Something that I wanted to try out ever since I saw it, was to try and make “Beer” out of stinging nettles. Its a fun project that takes something that is usually seen as a weed, and turns it into something you can enjoy on a hot summers day. Beer!
Lets get the controversy out of the way, this is not beer by the modern and medieval standards, and could be more coined as a wine, hooch, or brew. I would argue that with the thousands of years of brewing up alcoholic beverages, terms can be taken a bit looser. So please don’t take offence when I am still going to call it beer in this blog post. Feel free to disagree.

I love stinging nettles, and made soups with them since my early bushcraft craze as a teenager. So when I saw you can also make a beer out of them. I got excited. My homebrewing projects have just gotten started, and with a couple of brews for regular beer kits under my belt, I wanted to get started on a couple of the more historical and alternative projects. Enter the stinging nettle beer.
This recipe focuses on using the minimal amount of gear, ingredients, and a small batch size. With a total of 2.7 liters of wort. Which should land you at about 2.5 liters of finished beer. Or 5 standard beer bottles in Germany. Follow along and try it out yourself!
Ingredients
- Ale yeast (I used a heaping teaspoon of S04)
- Brown sugar – 260 grams
- Vinegar or Lemon juice – 7 grams
- Tops of Nettles one 2 liter ziplock bag full
- Water, I used Nürnberger land tap water. 2.7 liters
Equipment
- Stockpot, 10 liters (nettles take up a lot of space before wilting)
- fermenter, 5 liters. In my case a bucket with spigot and waterlock.
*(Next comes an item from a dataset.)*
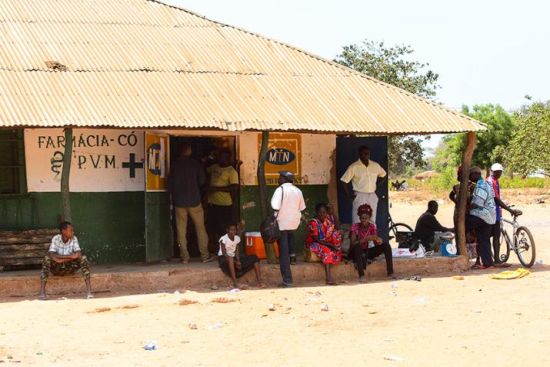 people near a pharmacy in a village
- Fine mesh sieve and / or colander
- Tongs
- Measuring cup
- Scale
- Hydrometer (optional)
- sanitizer
Preparing the Wort
Start with putting the water in the stockpot, putting the stove on, and returning to wash the nettles. Your probably not getting every speck of dust or bug, but you do want to give them a thorough wash.
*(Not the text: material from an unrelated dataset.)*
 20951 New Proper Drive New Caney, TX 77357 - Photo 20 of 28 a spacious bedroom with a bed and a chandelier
Also one of the reasons I recommend starting out with a bit more water than needed. Then you can discard all the stuff that sank to the bottom.
When the water reaches boiling, add in all your washed nettles. And cook for an hour. When done boiling, strain what is now the wort, and clean up any bits and pieces you see floating around. Add back into your cleaned stockpot.
Now add the 260 grams of brown sugar, the 7 grams of vinegar, and bring once more to the boil to dissolve all the sugar. Stir in the first couple minutes to make sure it is not sticking. Boil for 15 more minutes.
Chilldown
Have some icepacks ready, and now transfer the pot with a closed lid, to your sink and fill first with cold water. Let sit for 5 minutes, refresh the water, and now add in your icepacks. Let sit and cool down until it reaches 25 degrees Celsius.
Be very neat about with everything that now comes into contact with the wort, since we are no longer gonna heat it up anymore.
While the nettle wort is cooling, prepare your fermenter by sanitizing and making sure its as clean as can be.
With the Wort reaching 25 degrees, you can transfer it over to the fermenter, take a reading with the hydrometer, and add the yeast, which can be the whole package. You can collect and save the yeast afterwards to brew again. Or just use a teaspoon if you want to keep it around in dried form.
Gravity
To take a reading with the hydrometer, refer to the instructions that you got with it. But it comes down to filling up the test tube, putting the hydrometer in, giving it a spin. And noting down the gravity when it settles. I landed at the following numbers:
Starting Original Gravity: 1032
Measured after 4 days at 25 degrees (during heatwave in Germany) Celsius: 1002
After ferment day 5: 998
With bottling sugar of 3 grams per 0.5 liters should land us around 4.7 %.
Store at room temperature in a dark space for two weeks, you will start to see activity pretty fast in my experience. And hear the first bubbles coming up out of the airlock after the first night.
Leave to ferment for at least a week before taking a second reading with the hydrometer, again, note this down, to see where you are at. The third and final reading can be 48 hours later. If it still jumped down a lot, leave it for a bit longer. If it only moved down a point or two, you are ready to bottle.

Bottling
Bottling you can make as complicated as you want, I disinfect my swing top bottles, fill with 3 grams of priming sugar, and fill directly from the spigot I have with my bucket. If you want to be more professional about it and make the job a bit easier, you can use a bottle wand. Just hold the bottle at an angle and tilt the spigot to minimize air or splattering.

Store for at least a week in the bottle for the second fermentation to happen, or as long as you are patient for. I found that it improved a lot the longer it aged, with reaching its peak at around 3 weeks in the bottle.
The taste reminds me most of a very light wine, or kombucha, and is very refreshing. Serve cold with some ice, or drink however you like.
Proost!
And please share the results off experiments you tried out down in the comments.